• [Instructions to follow] In the entries below, find the line containing "Проповед на Папата" and the line containing "Brushed Gold Twin". Copy those two lines and everything between them exactly, and only that.

-- Records for the task follows --

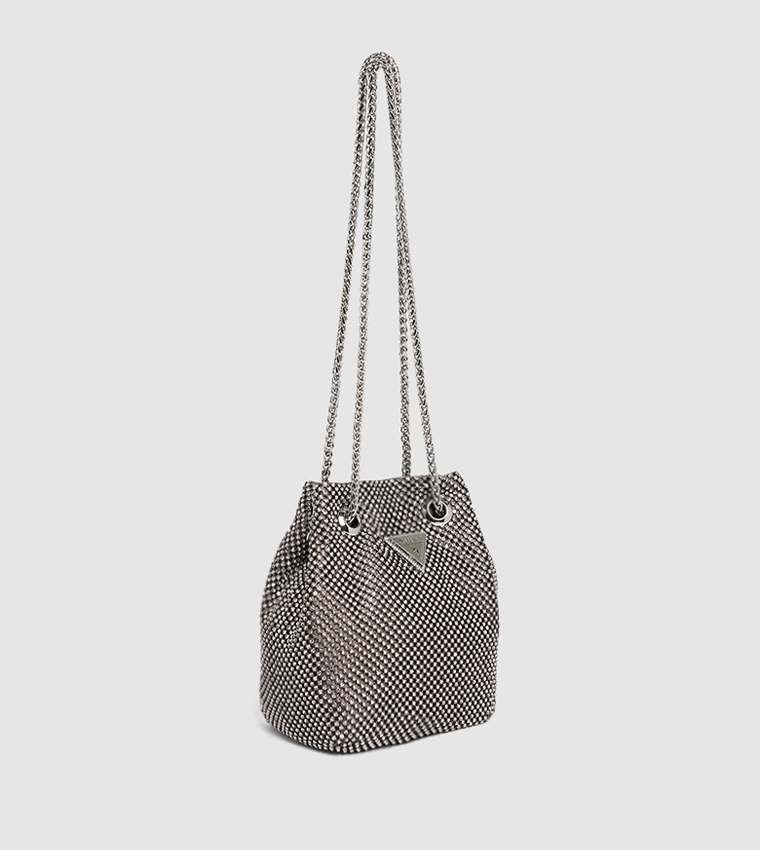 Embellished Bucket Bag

-- Records for the task concluded --
-- Records for the task follows --

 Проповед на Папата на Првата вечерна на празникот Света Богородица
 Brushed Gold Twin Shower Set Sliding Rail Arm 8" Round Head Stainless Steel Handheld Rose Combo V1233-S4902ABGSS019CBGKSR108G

-- Records for the task concluded --

• [The completed task]
 Проповед на Папата на Првата вечерна на празникот Света Богородица
 Brushed Gold Twin Shower Set Sliding Rail Arm 8" Round Head Stainless Steel Handheld Rose Combo V1233-S4902ABGSS019CBGKSR108G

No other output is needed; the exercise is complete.